What you are asked to do.
Your copy of the listing must be exact and must hold no images.

Raw data.

☆ ☆ ☆ ☆ ☆

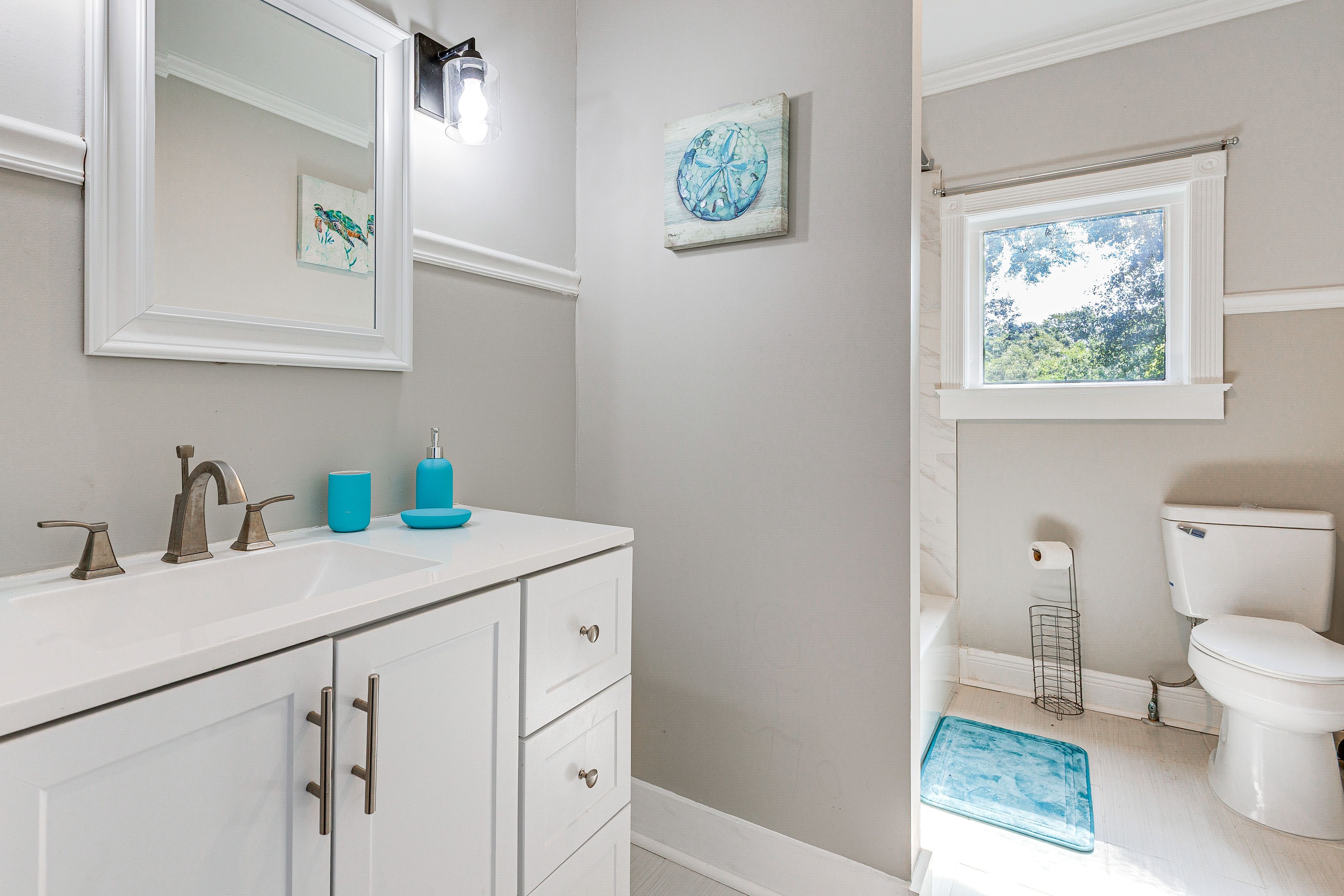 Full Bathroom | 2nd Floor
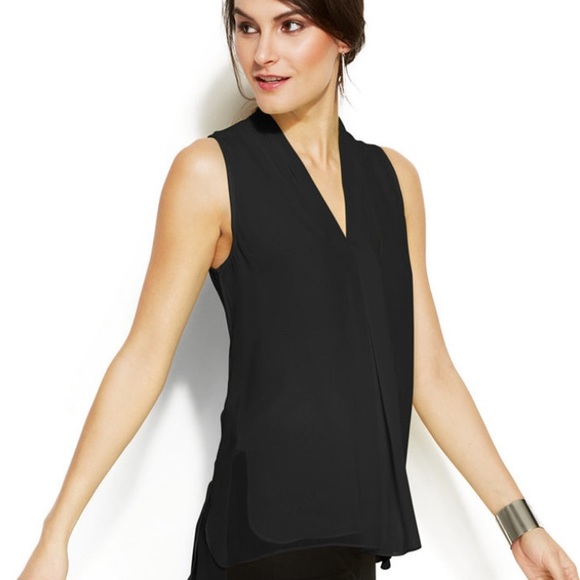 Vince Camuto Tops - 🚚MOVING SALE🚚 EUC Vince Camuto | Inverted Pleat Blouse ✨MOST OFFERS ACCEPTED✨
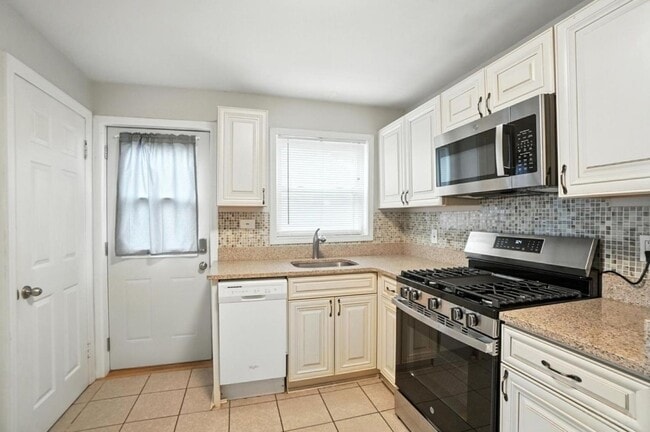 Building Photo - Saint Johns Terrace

☆ ☆ ☆ ☆ ☆

Exercise output.
 Full Bathroom | 2nd Floor
 Vince Camuto Tops - 🚚MOVING SALE🚚 EUC Vince Camuto | Inverted Pleat Blouse ✨MOST OFFERS ACCEPTED✨
 Building Photo - Saint Johns Terrace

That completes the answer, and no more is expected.